▸ Dataset entries:
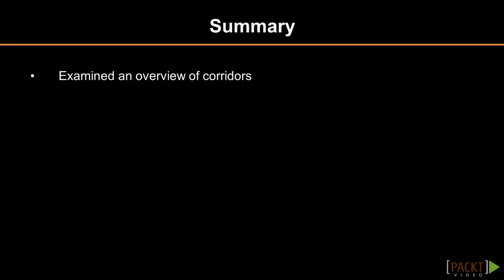In summary, we examined an overview of corridors. In the next section, we'll discuss creating corridors.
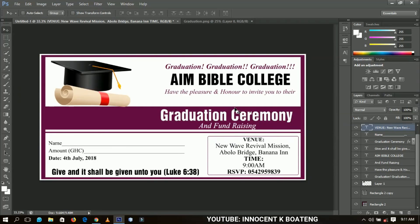That's how I designed the graduation ceremony envelope for my client. I hope you learned something new from this video — please let me know in the comments how this video helped you. Thanks so much for watching; don't forget to like and subscribe, and I'll be back with another video. It's Innocent here — bye!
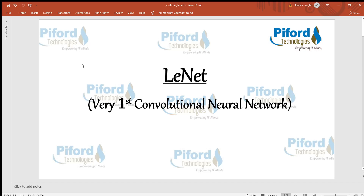Hello everyone, this is Arohi and in this video I'll talk about LeNet Convolutional Neural Network. Convolutional Neural Networks are the foundation of deep learning based computer vision. LeNet was the first convolutional neural network and it was used to classify two-dimensional images.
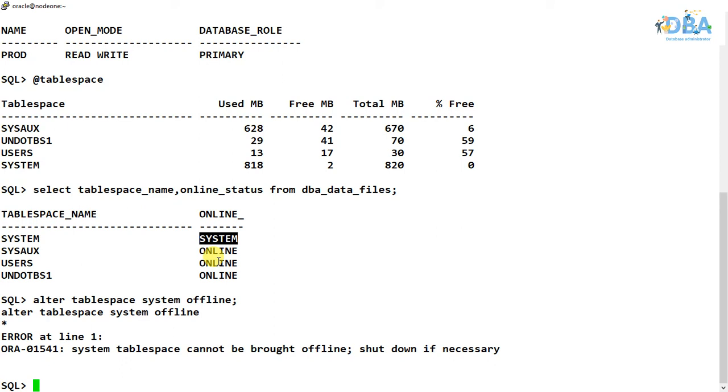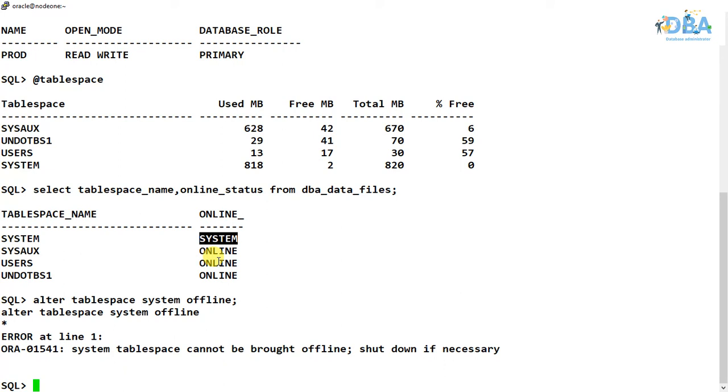And one thing to remember that by default while creation of all the tablespaces, it will be online only. We can alter the tablespace offline, but while creation of this tablespaces it will be online.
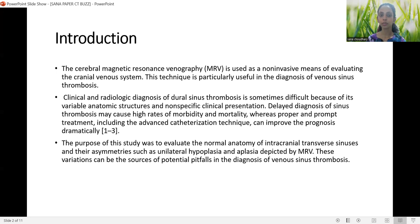The purpose of this study was to evaluate the normal anatomy of intracranial transverse sinuses and their asymmetries, such as unilateral hyperplasia and aplasia, as depicted by MR venography. These variations can be sources of potential pitfalls in the diagnosis of venous sinus thrombosis.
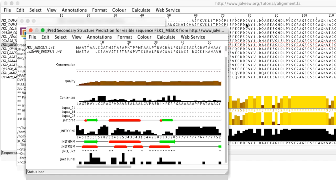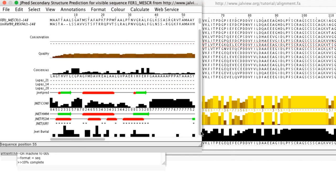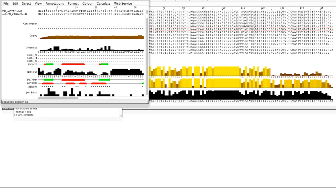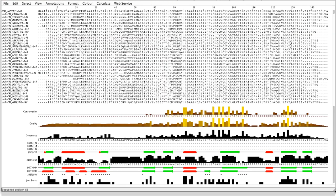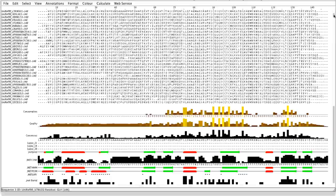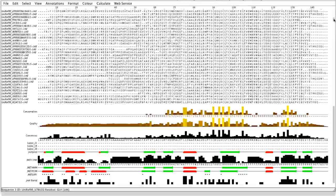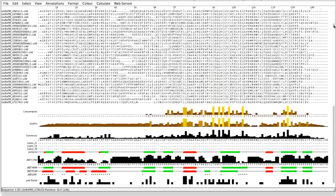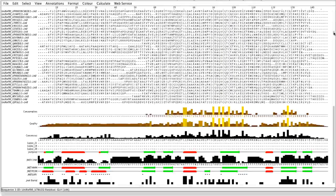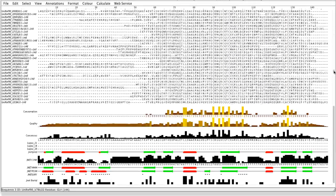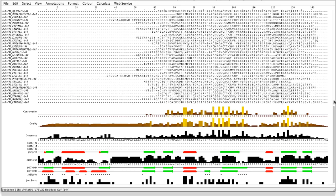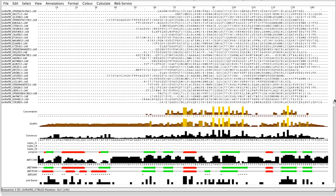Upon completion, a new alignment window opens with the JPRED prediction results visible in the Annotation panel. Note, the number of sequences in the result window is much larger than the original alignment. It is recommended to view the alignment to check the PSI-BLAST alignment is meaningful.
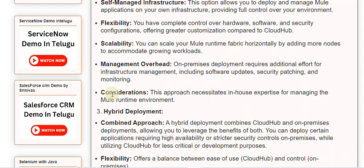Management overhead: on-premises deployment requires additional effort for infrastructure management, including software updates, security patching, and monitoring. This approach necessitates in-house expertise for managing the Mule runtime environment.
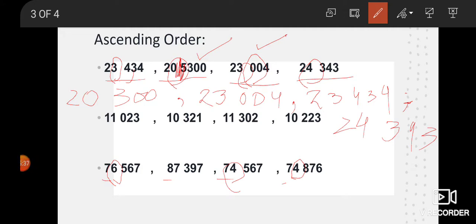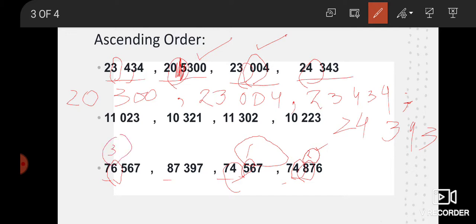Okay students, look here — six, four, and four. Six is greater and four is smaller, but here there is a tie again between seventy-four and seventy-four. So we look at the next digit: here it is five and here it is eight. So students, which one is smaller — five or eight? Very good — five is smaller. So we write first: seventy-four thousand five hundred and sixty-seven, because this is the smallest value. After that, this number is next, then obviously seventy-six is third, and eighty-seven is the greatest — fourth.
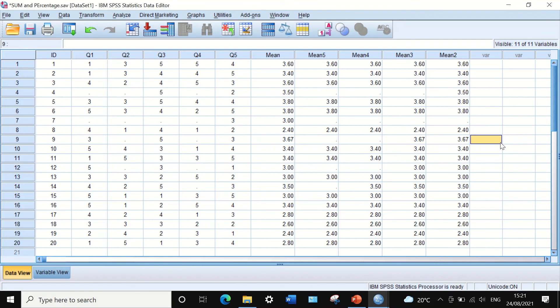This is the way to calculate the average or mean of several variables and combine them into one variable, then apply a restriction to include only those who satisfy the minimum number of responses within those variables. This can be very useful for questionnaire analysis based on Likert scale.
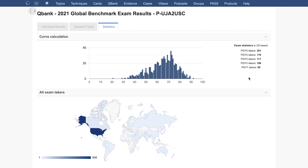The 2021 GLOBE exam curve was generated from the results of 739 orthopedic residents in a proctored online environment. The breakdown of exam takers used to generate the curve were 301 PGY5s, 119 PGY4s, 117 PGY3s, 108 PGY2s, and 95 PGY1s.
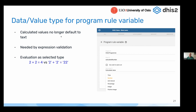When you link a variable to a field — either a data element or a tracked entity attribute — the value type will be inferred from that linked element. If you use a calculated value, however, this is where you can now add a type and explicitly say that this calculated value is a number, for example.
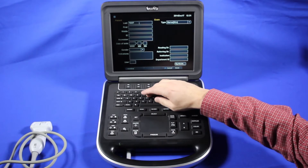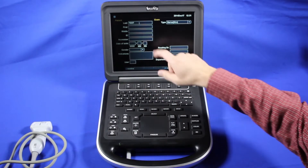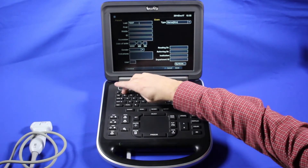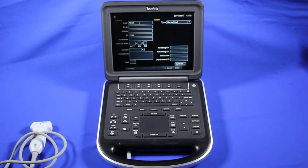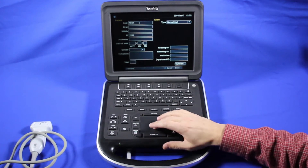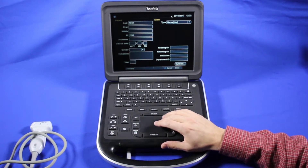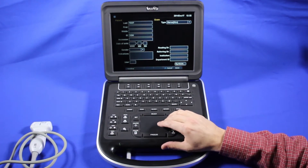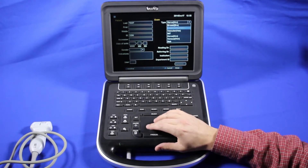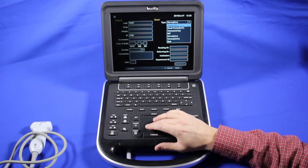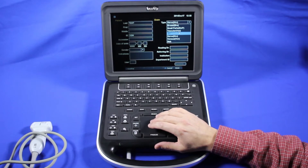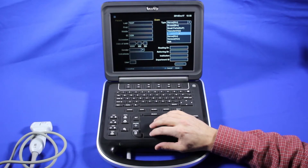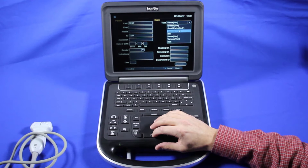Here's the patient ID where I'd like to enter any patient identification information — I'll just do one, two, three, four, five for test. Any other information that's pertinent? Here you're going to choose your exam mode. This is what's available on this transducer that I have attached. We'll just stick with vascular for now.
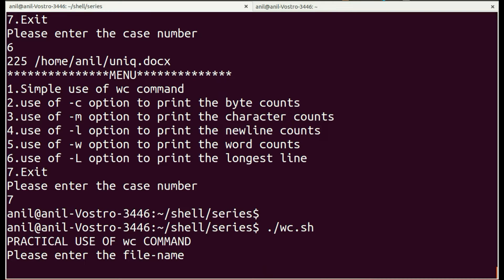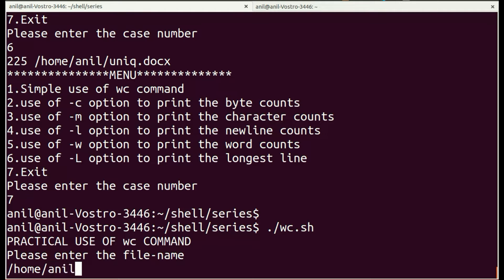Use of the -c option to print the byte counts, use of the -m option to print the character counts, use of the -l option to print the newline counts, use of the -w option to print the word counts, and use of the -L option to print the longest line.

▸ Exercise details:
Your answer should be the lines above, word for word, from the line with "This is the way" through the line with "Here's the patient", minus the pictures.

▸ Your response:
This is the way to calculate the average or mean of several variables and combine them into one variable, then apply a restriction to include only those who satisfy the minimum number of responses within those variables. This can be very useful for questionnaire analysis based on Likert scale.
The 2021 GLOBE exam curve was generated from the results of 739 orthopedic residents in a proctored online environment. The breakdown of exam takers used to generate the curve were 301 PGY5s, 119 PGY4s, 117 PGY3s, 108 PGY2s, and 95 PGY1s.
When you link a variable to a field — either a data element or a tracked entity attribute — the value type will be inferred from that linked element. If you use a calculated value, however, this is where you can now add a type and explicitly say that this calculated value is a number, for example.
Here's the patient ID where I'd like to enter any patient identification information — I'll just do one, two, three, four, five for test. Any other information that's pertinent? Here you're going to choose your exam mode. This is what's available on this transducer that I have attached. We'll just stick with vascular for now.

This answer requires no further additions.